• **ACTIVITY**:
Reproduce the line with "8 Pcs Outdoor" and everything after it in the listing below, exactly, both ends included. No pictures.

++++ SUPPLIED ENTRIES

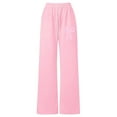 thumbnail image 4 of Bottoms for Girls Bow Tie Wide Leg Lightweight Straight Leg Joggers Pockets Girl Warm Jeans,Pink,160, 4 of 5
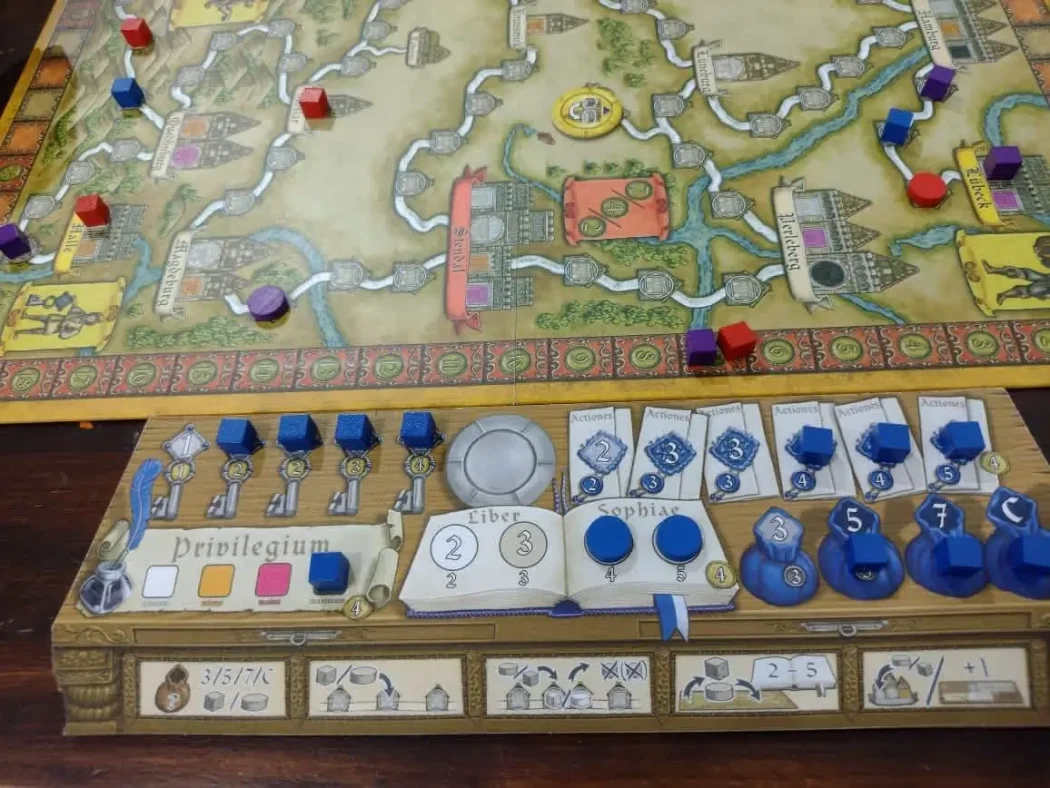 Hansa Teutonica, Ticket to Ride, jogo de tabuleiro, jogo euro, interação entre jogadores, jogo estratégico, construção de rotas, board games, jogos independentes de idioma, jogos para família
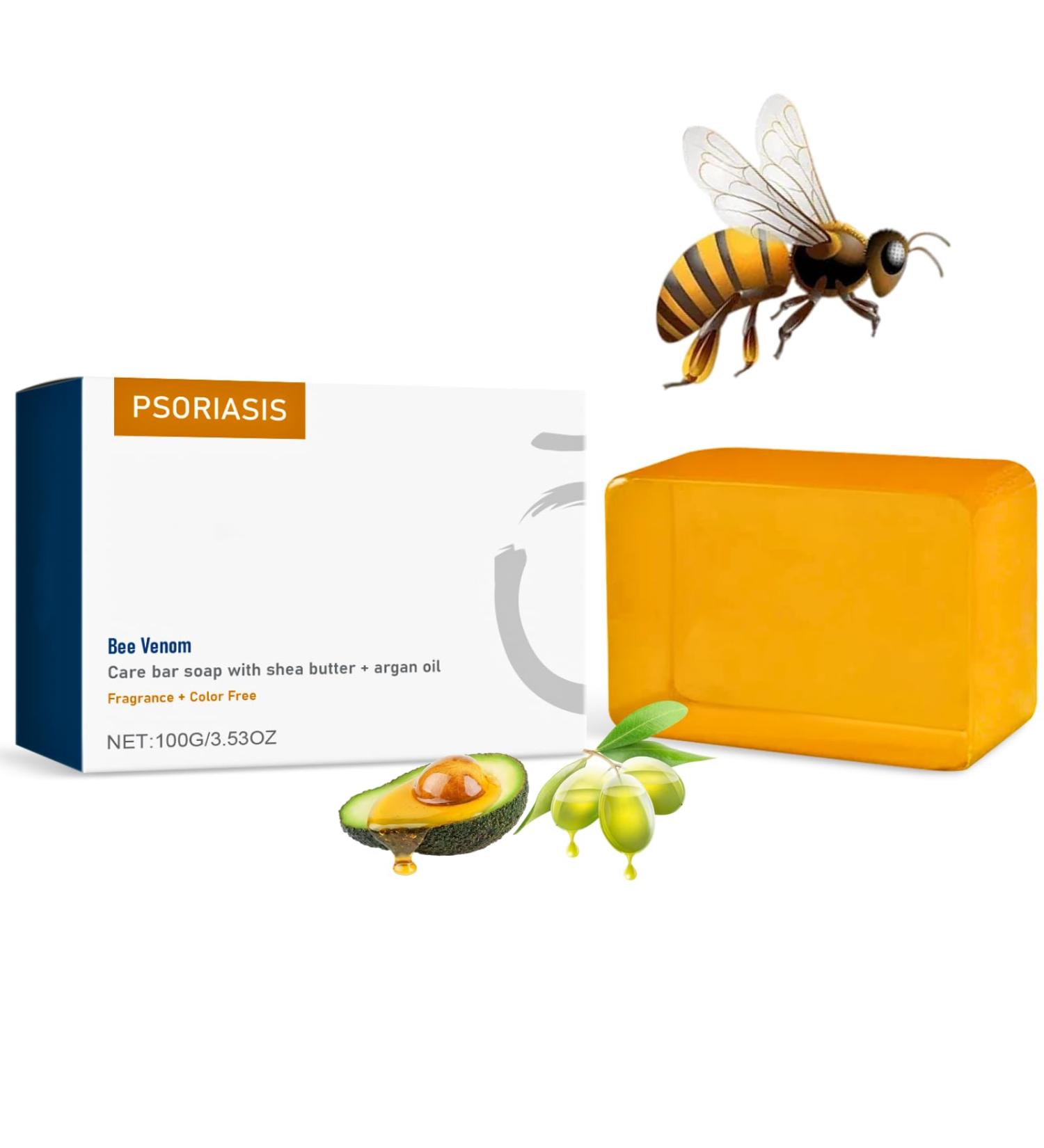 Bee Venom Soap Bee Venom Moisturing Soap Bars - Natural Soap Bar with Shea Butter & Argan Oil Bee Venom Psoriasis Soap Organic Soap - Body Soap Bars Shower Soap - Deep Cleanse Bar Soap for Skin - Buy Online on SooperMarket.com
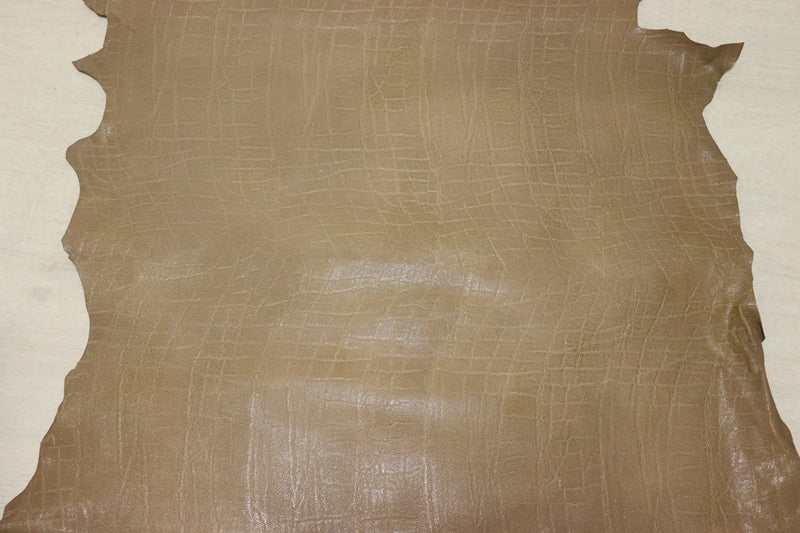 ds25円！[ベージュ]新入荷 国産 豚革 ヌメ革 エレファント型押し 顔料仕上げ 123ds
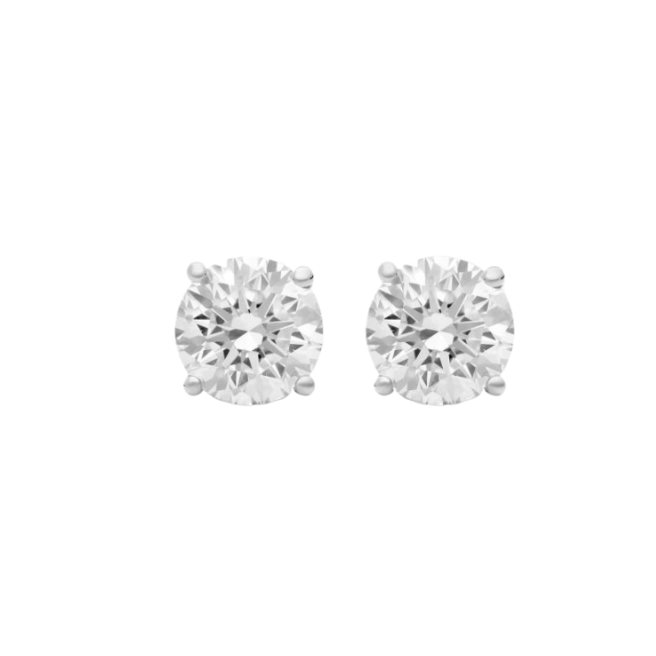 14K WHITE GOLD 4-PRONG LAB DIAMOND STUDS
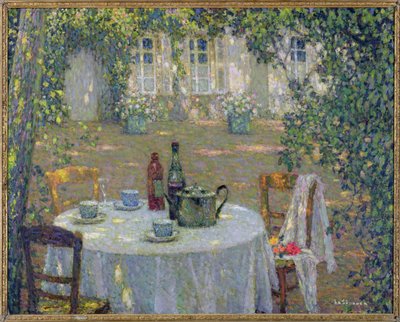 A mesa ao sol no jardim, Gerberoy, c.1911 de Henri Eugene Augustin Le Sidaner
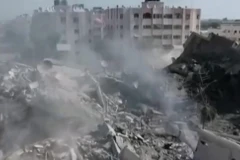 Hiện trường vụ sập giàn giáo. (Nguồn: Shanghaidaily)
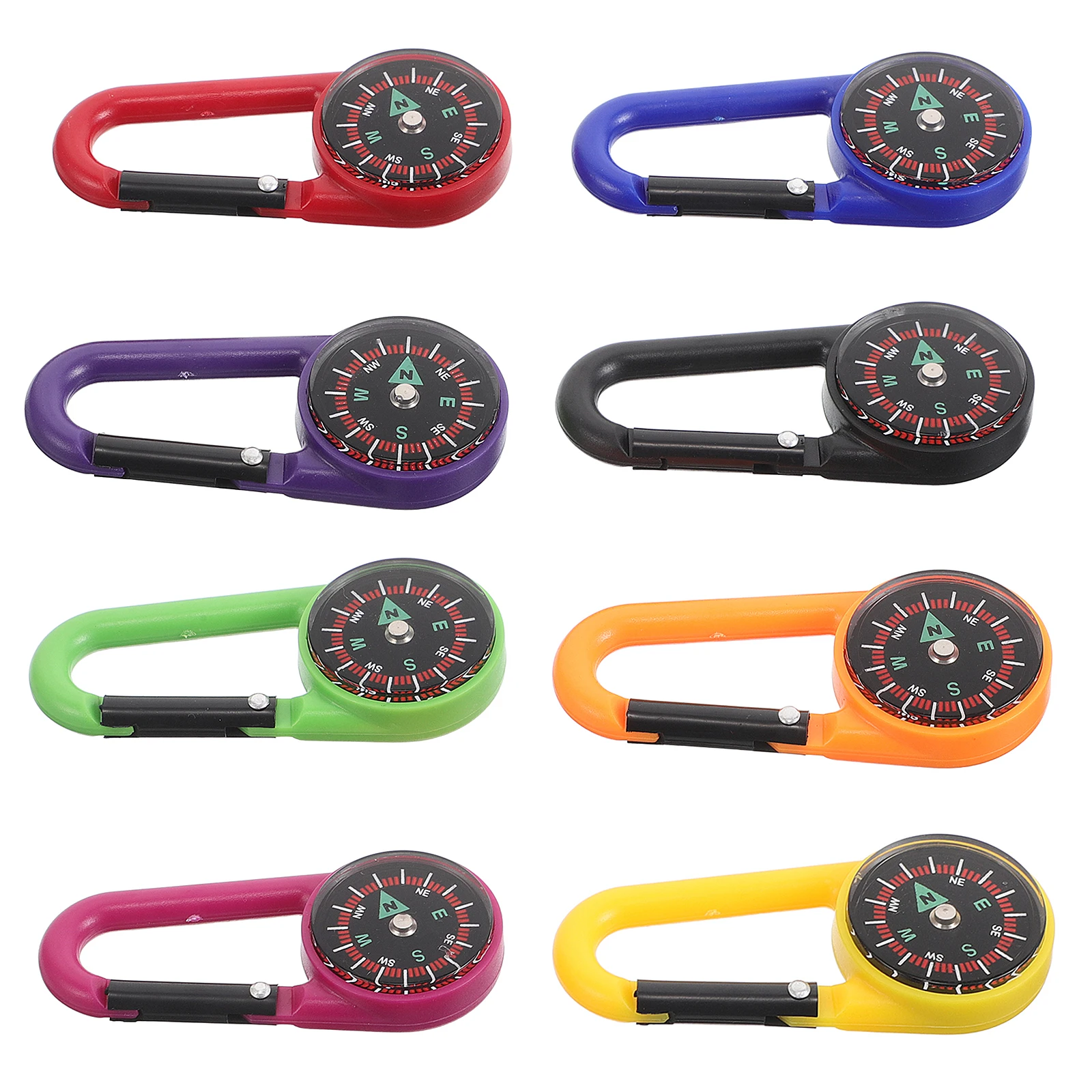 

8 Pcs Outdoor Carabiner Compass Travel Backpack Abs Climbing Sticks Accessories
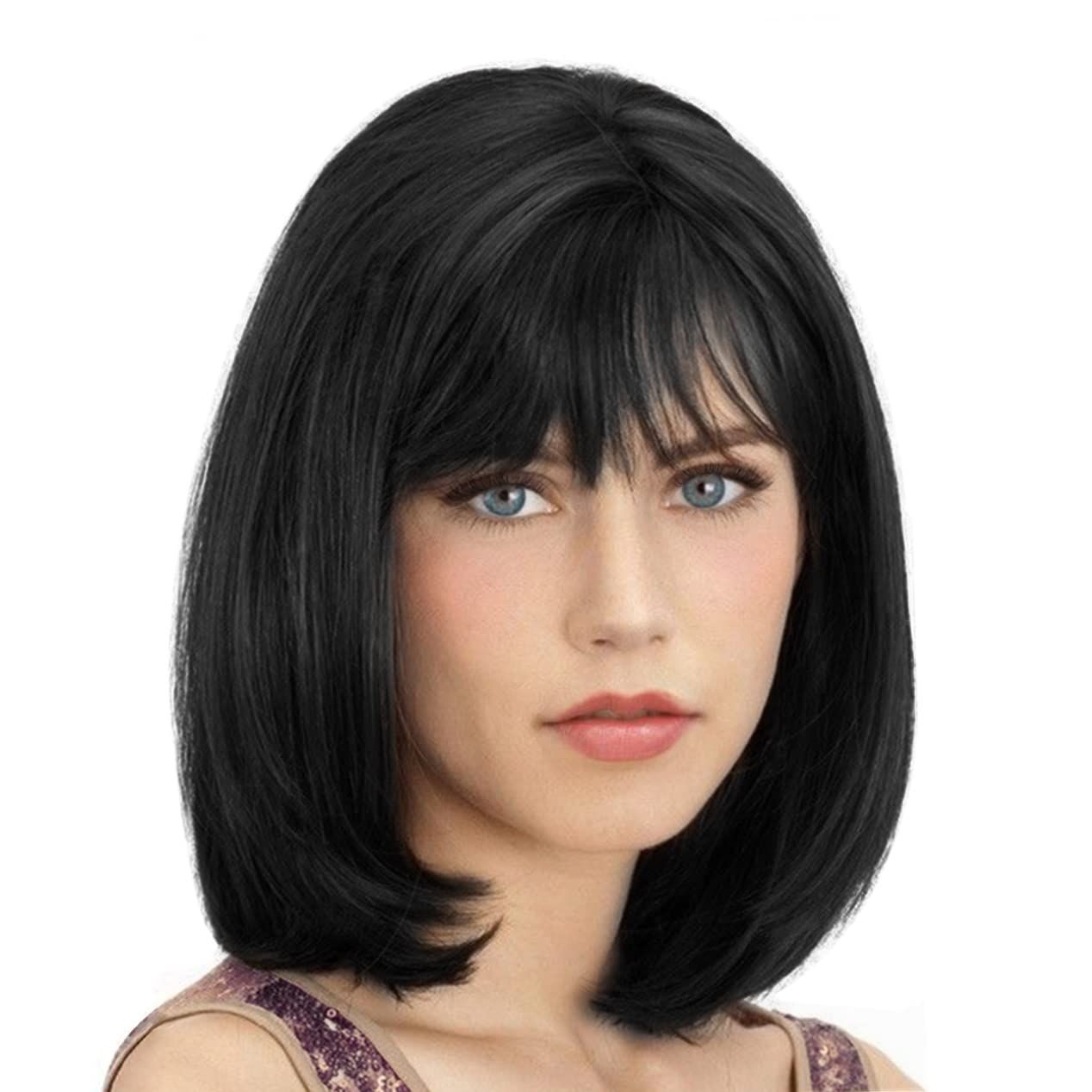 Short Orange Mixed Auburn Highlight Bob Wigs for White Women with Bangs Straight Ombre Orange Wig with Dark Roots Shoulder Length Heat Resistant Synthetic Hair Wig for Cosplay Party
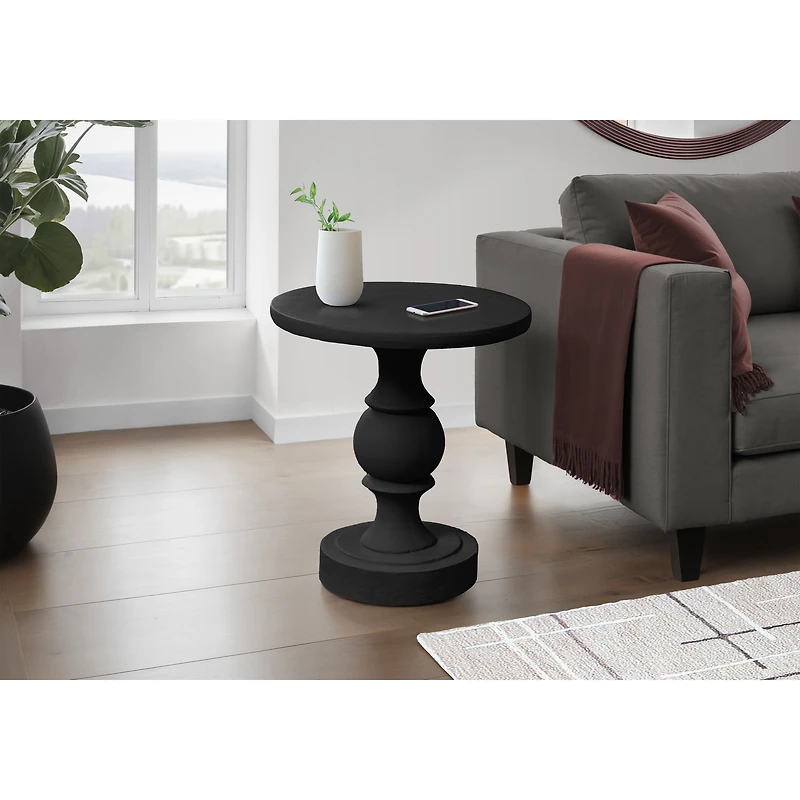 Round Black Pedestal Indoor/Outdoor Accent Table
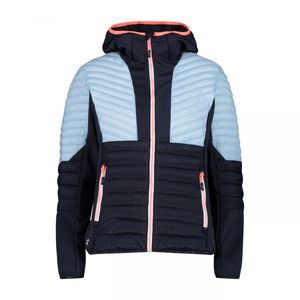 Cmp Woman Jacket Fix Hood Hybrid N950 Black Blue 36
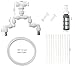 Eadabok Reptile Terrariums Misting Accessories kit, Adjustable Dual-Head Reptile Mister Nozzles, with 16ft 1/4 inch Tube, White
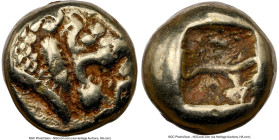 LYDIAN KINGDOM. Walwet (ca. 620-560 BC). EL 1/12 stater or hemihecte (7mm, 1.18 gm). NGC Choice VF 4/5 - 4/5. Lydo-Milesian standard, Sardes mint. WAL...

++++++++

• **WORKED SOLUTION**:
8 Pcs Outdoor Carabiner Compass Travel Backpack Abs Climbing Sticks Accessories
 Short Orange Mixed Auburn Highlight Bob Wigs for White Women with Bangs Straight Ombre Orange Wig with Dark Roots Shoulder Length Heat Resistant Synthetic Hair Wig for Cosplay Party
 Round Black Pedestal Indoor/Outdoor Accent Table
 Cmp Woman Jacket Fix Hood Hybrid N950 Black Blue 36
 Eadabok Reptile Terrariums Misting Accessories kit, Adjustable Dual-Head Reptile Mister Nozzles, with 16ft 1/4 inch Tube, White
 LYDIAN KINGDOM. Walwet (ca. 620-560 BC). EL 1/12 stater or hemihecte (7mm, 1.18 gm). NGC Choice VF 4/5 - 4/5. Lydo-Milesian standard, Sardes mint. WAL...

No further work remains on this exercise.